Today I drove the 30 miles north to Lake St Catherine to kayak the 852 acre huge lake. In this previous blog I show the beach area and the kayak put in as well as the campground and other features.
Upon arriving, I decided to put in on the beach rather than the boat ramp in the campground. It is simpler than using what is mostly I suspect a power boat launch. It was early enough that few people were on the beach. I pulled up to the grassy area, unloaded the kayak and drug it to the water’s edge. Not too far and down hill. I’ll worry about coming back later. There was no where to set up my SLR camera so this picture is a dark selfie taken with my phone.
Turns out huge is the word for this lake and for the most part it is lined with houses. So far here in Southern Vermont I’ve had a difficult time finding anything that might still be considered a wild water area.
The state park and its beach area are near the north end of the lake. I took this shot as I paddled away from shore.
I headed south to see how far the park’s 117 acres went.
I passed this mermaid.
The answer is it doesn’t go very far. Within no distance at all beyond beyond the beach the shore became all houses, docks and toys. A speed boat zipped along the water toward me. It appears a lot of people have a great deal of fun on Lake St Catherine on their jet skis, water skis and racing around. Although it’s fairly quiet and peaceful today, I suspect that is rare if, like me, that’s what you are looking for.
Across the lake I again saw the lighthouse looking house I’d seen on my previous visit and determined that since there were not too many speed boats yet, I could cross the lake to go take a closer look.
You’d get a lot of exercise just climbing the stairs to get into the house let alone the stairs inside.
On my way across I spied this interestingly dressed fisherman. You just really never know what you’ll see as far as people are concerned.

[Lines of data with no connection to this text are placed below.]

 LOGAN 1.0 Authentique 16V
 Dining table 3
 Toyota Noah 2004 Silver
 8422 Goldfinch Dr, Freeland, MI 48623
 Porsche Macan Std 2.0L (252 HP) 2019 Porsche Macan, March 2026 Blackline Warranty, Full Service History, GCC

Heading further north from the park beach the land is undeveloped and is clearly part of the park itself.
It’s clear where the park’s boundary is when I paddle by the first house. The park is nearly at the very north end of the lake. I didn’t paddle very far toward the south end because of the size of the lake and I wasn’t all that interested in seeing nothing but houses on the lake shore.
Lots of steps here too.
The lake appears to be an oval with very long sides and shorter ends. At the north end I found an inlet. This is right up my alley so to speak.
Sadly for me the inlet was leading to what on land would be known as a cul-de-sac with houses all around a smaller body of water.

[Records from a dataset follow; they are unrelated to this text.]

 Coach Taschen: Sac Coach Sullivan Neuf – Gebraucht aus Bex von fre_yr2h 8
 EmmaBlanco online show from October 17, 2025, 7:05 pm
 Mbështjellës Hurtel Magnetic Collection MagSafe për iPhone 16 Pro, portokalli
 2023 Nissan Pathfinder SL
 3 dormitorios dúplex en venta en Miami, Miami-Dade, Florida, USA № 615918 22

I took my time paddling back out this lovely avenue.
But too soon I was back at the main lake.
As I exited the canal I spotted a familiar shape ahead. I didn’t paddle much closer than this to the red circle for fear of scaring off the loon.

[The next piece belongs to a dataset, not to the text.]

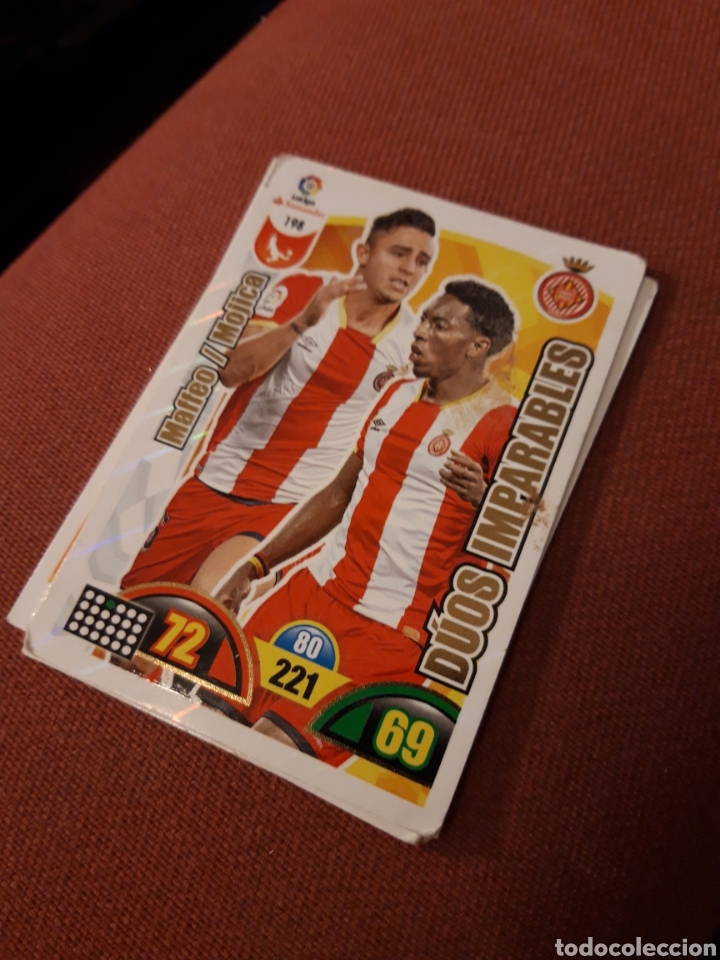 Football Stickers: Adrenalyn XL gir&oacute;na Duos imparables 198 2018 2017 18 17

He’s really the only wildlife I’ve seen today other than the mermaid and the top hat.
So I enjoyed his preening and flapping for as long as he stayed.
But ultimately something called him away and I got this shot just before he took flight.
Although I doubt I’d be interested in living on Lake St Catherine’s, of those I saw, this was the house that most appealed to me. Small and simple
Nice name too.
One last look to the south at the lovely lake as I headed east to the shore.
When I returned, there were more people on the beach. I drug the kayak up behind the bathhouse and moved the car as near as I could get it when two very nice men offered to help me load it. Very kind of them and a perfect end to a nice morning. Doubt if I’d return again.